Written by Barbara Kingsolver and published in 2009, The Lacuna is Kingsolver’s sixth novel. The Lacuna traces the journey of Harrison William Shepherd from Mexico City, Diego Rivera and Frida Kahlo to America, the Cold War, and the Red Scare. Shepherd’s life and his identity is threatened to be pulled apart because of the two changing nations of Mexico and America, both of which he has lived in, at some point in his life.
Born in the States and then raised in Mexico in the 1930s, Shepherd starts out as a plaster mixer for Diego Rivera and then becomes a cook and a secretary as well. Because he worked as a secretary for Trotsky, Shepherd started to incorporate revolutionary art and ideas and gossip into his work, putting him in danger in Mexico.
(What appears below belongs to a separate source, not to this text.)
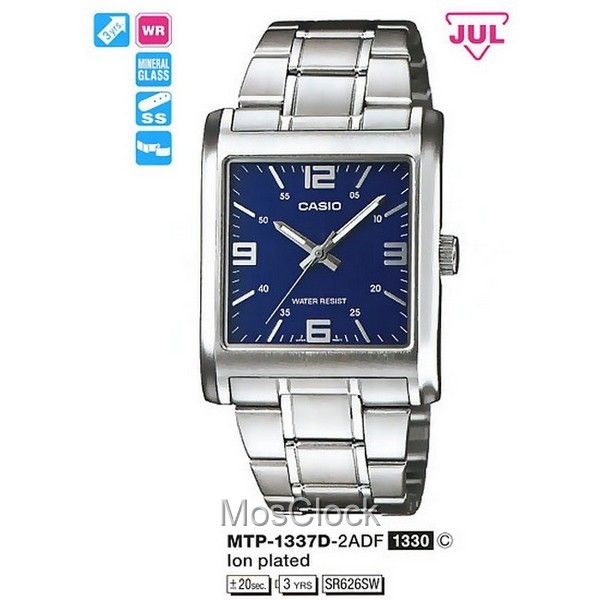 Casio MTP-1337D-2A Casio MTP-1337D-2A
As the US is fighting in WWII during this time, Shepherd moves back to the States to restart his life and work, but as the political and social turmoil of the Red Scare starts to attack artists and incriminate them for their work. Shepherd tells his secretary, Violet Brown, to burn his work after he is investigated by the House of Un-American Activities. However, she does not, and the papers that she saves make up most of the novel.
The Lacuna won the 2010 Orange Prize for Fiction and the Library of Virginia Literary Award. Kingsolver artfully follows Shepherd’s life and illustrates how history and public opinion are powerful enough to shape people’s lives. The title, The Lacuna, could have been derived from the fact that there are gaps in the story, called lacunae, or that there is a rift, a lacuna, that cannot be acknowledged between the truth and what the public believes.